When the book arrived, I dove in head first with the same high expatiations as I had with VMware vSphere 4.1 HA and DRS Deep Dive and vSphere 5.1 clustering deep dive books. The book is well written with excellent diagrams as expected; there was much review throughout the book making this faster read for those that have read other cluster deep dive books. The amount of review is necessary, so everyone is on the same page. With that said there are many changes in both vSphere 6.5 and 6.7 and this book covers the changes in a magnificent manner. I am going to go over a couple of favorite new features, and couple items learned along the way.
vSphere 6.7 DRS algorithm no longer use the snapshotting method that its predecessors used. Older versions of vSphere would take a snapshot of utilization of hosts and compare them for initial placement. DRS could cause an issue when multiple VM’s where being placed at once, multiple VM’s would land on a host that had most resources before next snapshot of resources could take place. vSphere 6.7 kept update performance metrics this allowing VM’s to place faster and distributed more evenly.
Over the last couple of years, I have had many conversations with a wide array of customers about DRS. The general consensuses were that at 10 GBE the cost was minimal for the network but never had a definitive answer on the other costs like CPU. The cost for 1 GBE is 30% reservation on a pCPU core and 100% reservation 10 GBE on both the source and destination host. If you are using encryption with vMotion you the costs are even higher.
Conversation on vMotion and CPU usage has been centered on CPU %, not around the reservation of a CPU core. With the SDDC having vSAN and NSX adding CPU overhead you should pay attention metrics like CPU RDY% and CO-STOP% and set DRS to aggressive (Level 5) for VM happiness and keep host within 5% utilization of each other. Avoid additional vMotions that will happen if turn on advanced options unless you have a business requirement to do so.
One final note KB 2108824 for 40 GBE this means that three cores run with a 100% reservation on them. Yes at 36 GBE a vMotion operations should take an only few seconds.
With End of General Support for vSphere 5.5 approaching quickly, here is quick note that might help get upgrades moving faster. The VM memory overhead on VM’s can be reduced by up to 8x when moving to 6.x.

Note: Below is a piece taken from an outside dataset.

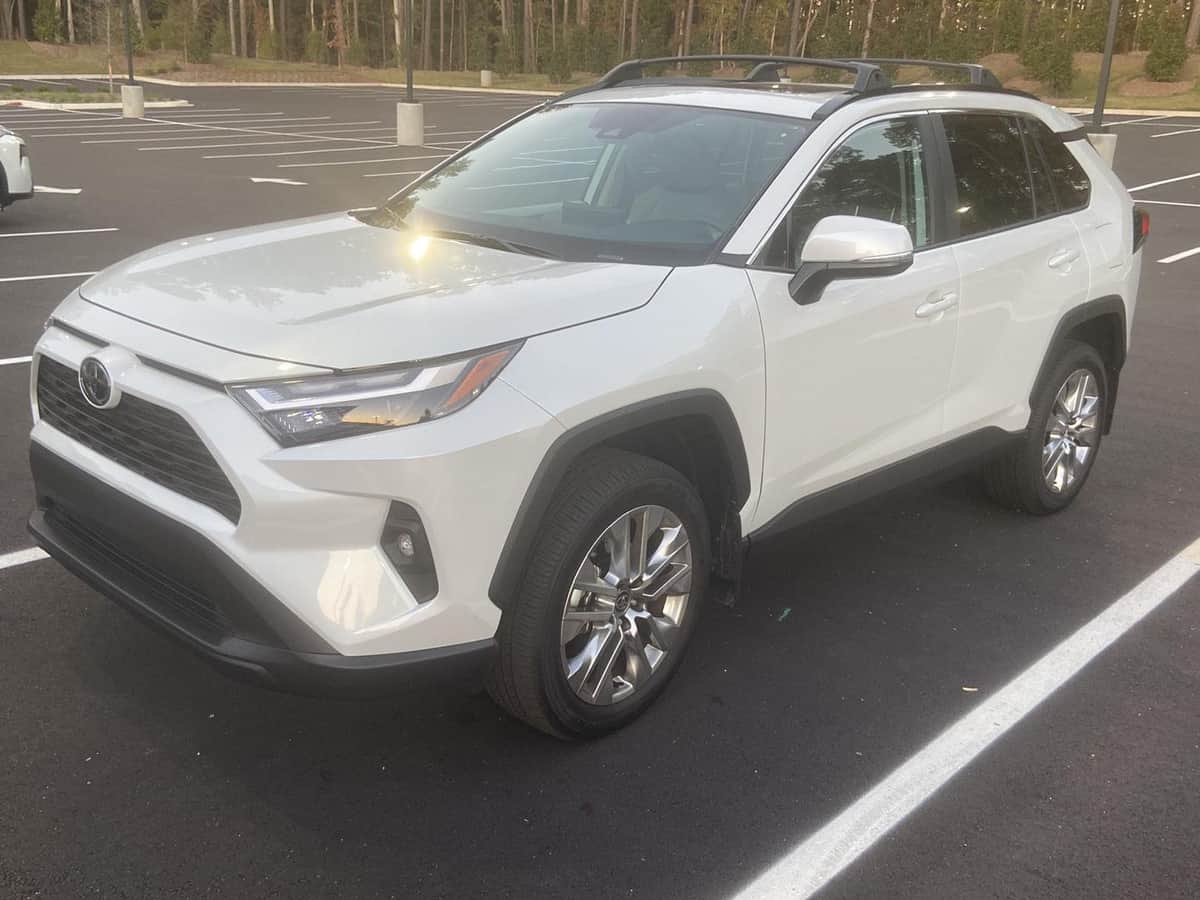 2025 Toyota RAV4 XLE Premium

Stretch clusters section is an impressive display of architectural review of stretch clusters from vSphere clustering standpoint. I want everyone to read this section more than once. Not only did I learn something about stretch clusters, but it also shows you how something as simple as vSphere clustering that has VCDX defense written all over it.
In closing it was worth the time and effort to read this book Frank, Duncan and Niels did a great job.